If you’re like me the first thing you think of when hear “Puss In Boots” is “KITTY KITTY KITTY KITTY KITTY KITTY KITTY KITTY KITTY…”
You get the picture. When I was a kid, two things really caught my attention. Kitties and dinosaurs. (One much cuddlier than the other, but still…)
So Puss in Boots became one of my favorite fairy tales. I remember watching the old cartoon (and I can’t remember at all what studio made it) over and over. And naturally when Puss in Boots showed up in Shrek 2 with those ADORABLE EYES, I went into transports of delight. (What? I read too much British literature, okay?)

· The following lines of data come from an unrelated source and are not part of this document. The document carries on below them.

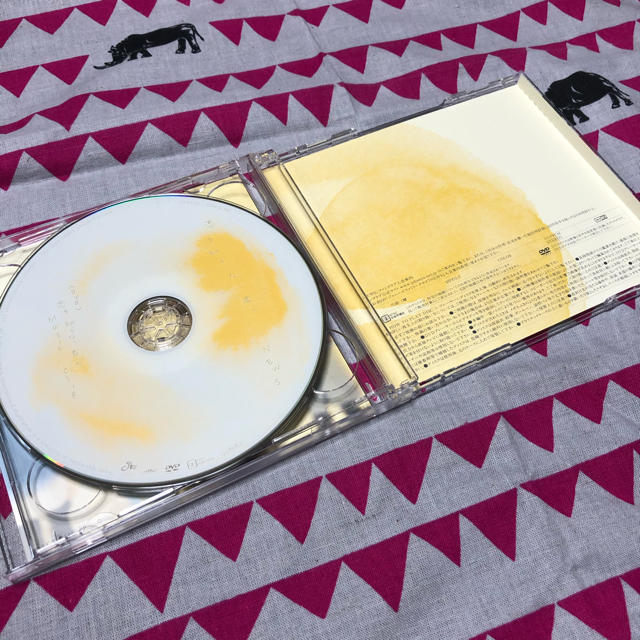 NEWS(ニュース)の【初回盤】NEWS 恋を知らない君へ CD+DVD エンタメ/ホビーのCD(ポップス/ロック(邦楽))の商品写真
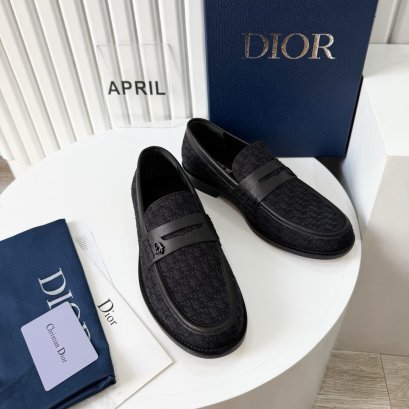 รองเท้า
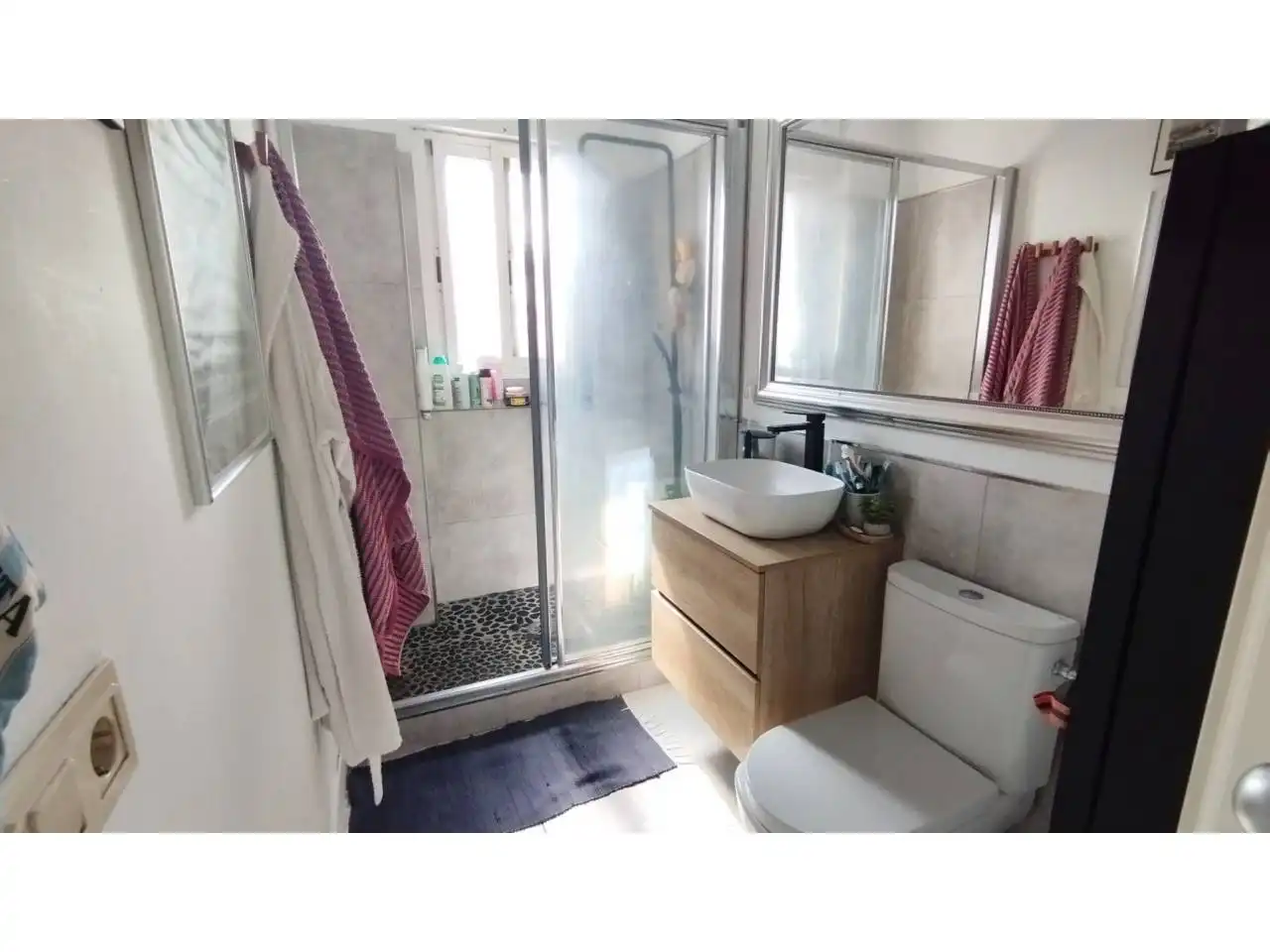 Badezimmer von Maisonette zum Verkauf in Huelva mit Klimaanlage, Parkett und Balkon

And then I heard they made a movie.
Now, I admit I was rather torn. Naturally I thought a movie was an awesome idea, but…they weren’t using the original fairy tale. They were going in a completely different direction, and I wasn’t sure how this would work.
It worked just fine.
This is a “new” Puss in Boots origin story, and the writers, as usual, gleefully play with fairy tales the entire time. Puss is out to clear his name and repay an old debt, and to do this, he decides to take Jack and Jill’s magic beans, grow the vine, and steal the giant’s golden eggs. The problem is that in this version, Jack and Jill aren’t two dumb kids tumbling down hills, but a psychopathic married couple whose idea of fun is hijacking, arson, and murder. Then Puss finds allies in his former friend Humpty ALEXANDER Dumpty, and his accomplice Kitty Softpaws (the obligatory love interest, but of the fun and plot relevant kind).
It’s kind of an odd movie, but then again it was produced by Guillermo del Toro, so it’s oddness is perfectly understandable. It veers between playing with fairy tale conventions, and parodying old Westerns. And somehow these fairy tale characters living in what is essentially Old Mexico works just fine.
It’s fun, it’s bizarre, and it’s certainly original and clever. Go watch it.
Also I’m fairly certain every time Puss yells “OhmyGod”, someone was actually startling Antonio Banderas in the studio.